Distributed XGBoost -- standalone?

jinliangwei · August 9, 2018, 10:52pm

As a quite inexperienced xgboost user, I found documentation on distributed xgboost using YARN and there’s also mentioning about xgboost + Spark but not much else.

Is it possible to use distributed xgboost “standalone”? Maybe with dmlc-submit --cluster ssh?

I’ve also seen xgboost can run on MPI. Does it just mean rabit uses MPI instead of directly using TCP sockets? Should I expect a performance difference between MPI vs. no-MPI?

Is xgboost + Spark the “recommended” way for distributing xgboost?

Thanks!

thvasilo · August 9, 2018, 11:43pm

Hello Jinliang,

In my experience the easiest way to launch distributed XGBoost clusters is to use EMR to launch a YARN cluster and then install XGBoost manually and launch jobs through YARN.

Setting up manual SSH access would be a real pain with permissions etc.

I have a couple scripts to automate the setup, I’ll try to post them soon to make launching ad-hoc clusters easier.

If you only want to run XGBoost jobs I’d stay use standalone XGBoost through YARN and skip the Spark layer.

–Theo

codyyang · August 10, 2018, 1:49am

@jinliangwei If you really want to run distributed xgboost through ssh, you could refer to the implementation of ‘dmlc-submit --cluster local’.

Running xgboost on MPI means xgboost uses the MPI implementation of allreduce and broadcast, which doesn’t have the ‘checkpoint’ mechanism supported by rabit.

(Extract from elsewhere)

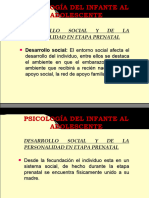 DESARROLLO SOCIAL Y DE LA PERSONALIDAD EN ETAPA PRENATAL
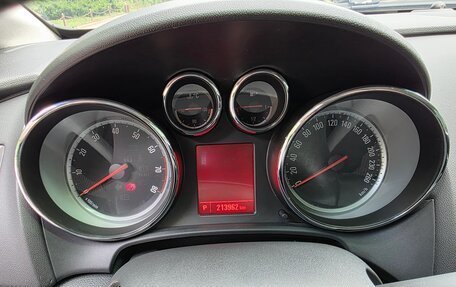 Opel Astra J, 2011 год, 1 100 000 рублей, 11 фотография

As to performance, I can’t say anything.

jinliangwei · August 10, 2018, 2:29am

Thanks. I don’t really mind setting up SSH, etc – I’ve done it many times before. The dollar cost on EMR would be a bigger concern for me right now.

jinliangwei · August 10, 2018, 2:41am

Thanks all. @codyyang @thvasilo I guess I didn’t make myself clear before. Launching processes on distributed machines isn’t a problem for me. What I meant to ask was – if I actually use SSH to launch processes, do I need to provide any additional arguments or environment variables to xgboost?

codyyang · August 10, 2018, 3:36am

@jinliangwei In order to run distributed xgboost, you should start a rabit tracker, provide the ip and port of your rabit tracker to xgboost instance through environment variables rabit_tracker_uri and rabit_tracker_port.

There 's a implementation of rabit tracker in python.

jinliangwei · August 10, 2018, 7:19am

Great, thank you!

But did you actually mean dmlc-submit --cluster ssh when you said dmlc-submit --cluster local? I thought local was for lauching local jobs.

codyyang · August 10, 2018, 7:55am

I’m afraid there’s no ‘ssh’ support for the --cluster option.
You could read the code of the ‘local’ version, make a little change to it, to support ssh connection.

jinliangwei · August 10, 2018, 6:36pm

Thank you! There is already a ssh version. I had to add ssh to submit.py, but it seems to work just fine.

Regarding xgboost on MPI, I thought xgboost always uses rabit and rabit has an MPI engine. Does xgboost on MPI mean it uses rabit’s MPI engine? And do you mean that rabit’s MPI engine doesn’t support checkpointing?

codyyang · August 13, 2018, 1:14am

AFAIK, rabit is a ‘tailored’ version of MPI, it only implements the allreduce and broadcast API of MPI. Xgboost could use both rabit and MPI interchangably as the underlying data sync engine, but with rabit only, you got the additional ‘checkpoint’ supporting.